Excerpted records:
· · · · ·
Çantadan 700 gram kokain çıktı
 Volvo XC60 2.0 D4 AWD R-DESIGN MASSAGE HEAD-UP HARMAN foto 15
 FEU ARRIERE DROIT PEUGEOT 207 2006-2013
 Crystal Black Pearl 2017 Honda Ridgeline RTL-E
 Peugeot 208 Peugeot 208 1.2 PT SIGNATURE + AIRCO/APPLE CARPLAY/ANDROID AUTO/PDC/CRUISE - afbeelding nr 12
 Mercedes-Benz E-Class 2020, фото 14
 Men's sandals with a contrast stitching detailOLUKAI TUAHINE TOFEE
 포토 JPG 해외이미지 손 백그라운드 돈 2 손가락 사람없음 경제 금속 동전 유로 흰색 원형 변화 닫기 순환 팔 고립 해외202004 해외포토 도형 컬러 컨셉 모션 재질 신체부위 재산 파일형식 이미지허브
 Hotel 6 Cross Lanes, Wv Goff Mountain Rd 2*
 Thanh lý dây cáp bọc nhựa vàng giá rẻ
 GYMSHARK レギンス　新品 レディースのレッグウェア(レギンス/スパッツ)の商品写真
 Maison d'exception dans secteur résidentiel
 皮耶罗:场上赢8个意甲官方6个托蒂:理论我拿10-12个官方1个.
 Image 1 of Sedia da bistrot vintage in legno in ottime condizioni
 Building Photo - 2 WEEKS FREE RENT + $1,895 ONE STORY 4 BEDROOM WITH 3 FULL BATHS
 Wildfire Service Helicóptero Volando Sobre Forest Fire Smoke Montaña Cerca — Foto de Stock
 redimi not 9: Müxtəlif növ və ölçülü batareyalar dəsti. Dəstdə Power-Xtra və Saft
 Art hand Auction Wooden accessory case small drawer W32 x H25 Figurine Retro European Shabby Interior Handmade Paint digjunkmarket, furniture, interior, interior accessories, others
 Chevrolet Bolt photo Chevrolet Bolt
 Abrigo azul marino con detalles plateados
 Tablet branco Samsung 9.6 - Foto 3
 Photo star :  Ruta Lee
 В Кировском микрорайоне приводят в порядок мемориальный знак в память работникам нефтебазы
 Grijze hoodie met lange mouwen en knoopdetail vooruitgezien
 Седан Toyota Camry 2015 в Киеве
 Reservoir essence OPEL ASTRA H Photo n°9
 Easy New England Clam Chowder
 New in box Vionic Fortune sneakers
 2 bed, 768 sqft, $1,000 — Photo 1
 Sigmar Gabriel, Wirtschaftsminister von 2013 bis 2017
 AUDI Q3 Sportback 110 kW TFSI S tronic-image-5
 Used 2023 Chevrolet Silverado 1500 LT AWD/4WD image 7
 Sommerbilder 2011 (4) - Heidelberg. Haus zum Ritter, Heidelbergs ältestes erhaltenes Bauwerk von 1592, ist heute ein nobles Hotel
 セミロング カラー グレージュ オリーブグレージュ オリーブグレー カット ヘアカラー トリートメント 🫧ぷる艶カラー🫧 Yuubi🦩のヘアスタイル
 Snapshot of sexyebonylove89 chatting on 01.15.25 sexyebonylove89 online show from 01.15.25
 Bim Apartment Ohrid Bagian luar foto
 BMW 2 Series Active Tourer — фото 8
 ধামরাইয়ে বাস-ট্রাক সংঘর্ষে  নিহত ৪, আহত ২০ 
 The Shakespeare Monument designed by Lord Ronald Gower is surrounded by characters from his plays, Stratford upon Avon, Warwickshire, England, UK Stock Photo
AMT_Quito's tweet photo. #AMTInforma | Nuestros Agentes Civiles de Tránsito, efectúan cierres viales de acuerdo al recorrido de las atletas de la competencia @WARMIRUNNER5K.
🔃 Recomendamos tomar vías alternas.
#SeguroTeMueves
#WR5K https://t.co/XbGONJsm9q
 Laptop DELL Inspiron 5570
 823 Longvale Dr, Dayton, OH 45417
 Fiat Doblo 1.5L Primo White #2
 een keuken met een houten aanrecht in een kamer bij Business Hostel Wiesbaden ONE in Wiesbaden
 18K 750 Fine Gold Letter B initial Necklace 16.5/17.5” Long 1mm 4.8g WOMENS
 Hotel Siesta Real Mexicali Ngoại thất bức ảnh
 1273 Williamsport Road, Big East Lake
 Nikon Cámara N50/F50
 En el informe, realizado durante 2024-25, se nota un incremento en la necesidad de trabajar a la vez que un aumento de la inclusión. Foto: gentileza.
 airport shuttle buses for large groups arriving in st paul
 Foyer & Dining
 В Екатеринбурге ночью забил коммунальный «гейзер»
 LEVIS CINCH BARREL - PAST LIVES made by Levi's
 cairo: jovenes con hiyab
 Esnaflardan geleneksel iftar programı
· · · · ·
To do: Retype exactly the lines of the data above that fall between the line with "GYMSHARK レギンス　新品 レディースのレッグウェア(レギンス/スパッツ)の商品写真" and the line with "Chevrolet Bolt photo Chevrolet Bolt", inclusive, and add nothing.

Written answer:
 GYMSHARK レギンス　新品 レディースのレッグウェア(レギンス/スパッツ)の商品写真
 Maison d'exception dans secteur résidentiel
 皮耶罗:场上赢8个意甲官方6个托蒂:理论我拿10-12个官方1个.
 Image 1 of Sedia da bistrot vintage in legno in ottime condizioni
 Building Photo - 2 WEEKS FREE RENT + $1,895 ONE STORY 4 BEDROOM WITH 3 FULL BATHS
 Wildfire Service Helicóptero Volando Sobre Forest Fire Smoke Montaña Cerca — Foto de Stock
 redimi not 9: Müxtəlif növ və ölçülü batareyalar dəsti. Dəstdə Power-Xtra və Saft
 Art hand Auction Wooden accessory case small drawer W32 x H25 Figurine Retro European Shabby Interior Handmade Paint digjunkmarket, furniture, interior, interior accessories, others
 Chevrolet Bolt photo Chevrolet Bolt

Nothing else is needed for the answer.